* TASK ITEM: A verbatim copy of the data is wanted, minus any picture in it.

* SUPPLIED DATA:
※
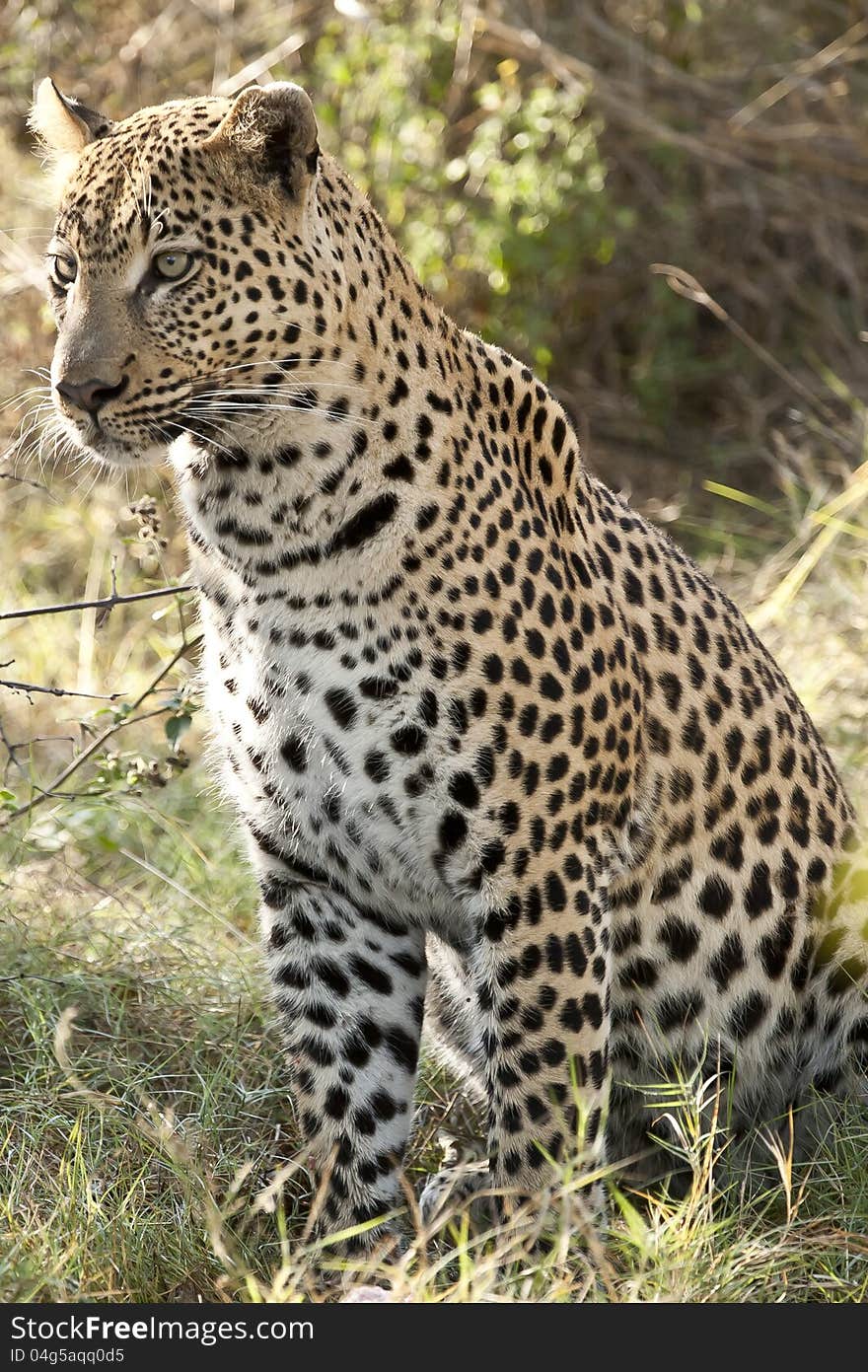 A leopard sits up after eating, staring intensely, having been alerted by sounds in the surrounding bushes. A leopard sits up after eating, staring intensely, having been alerted by sounds in the surrounding bushes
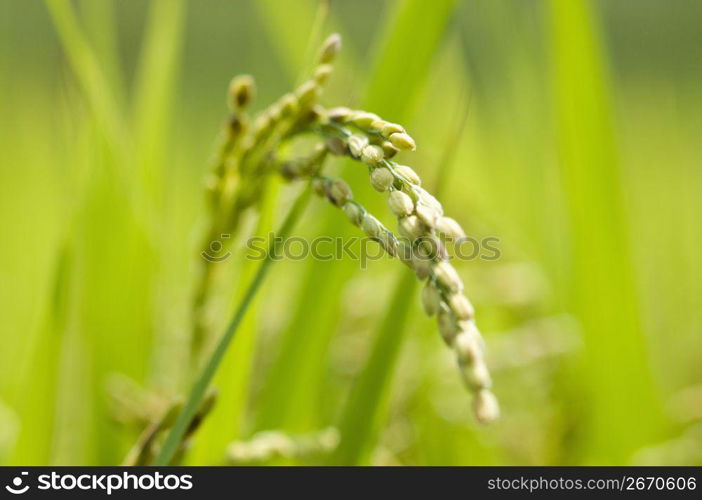 Ear of rice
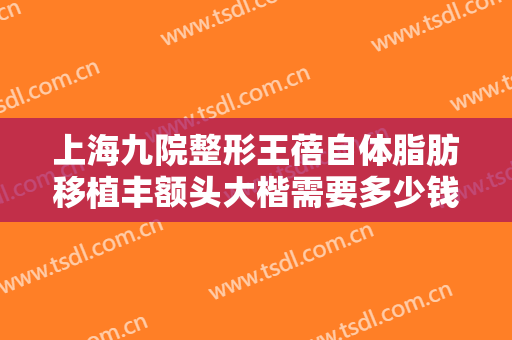 上海九院整形王蓓自体脂肪移植丰额头大楷需要多少钱?贵不贵?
※
* SOLUTION FOR THIS PROBLEM:
 A leopard sits up after eating, staring intensely, having been alerted by sounds in the surrounding bushes. A leopard sits up after eating, staring intensely, having been alerted by sounds in the surrounding bushes
 Ear of rice
 上海九院整形王蓓自体脂肪移植丰额头大楷需要多少钱?贵不贵?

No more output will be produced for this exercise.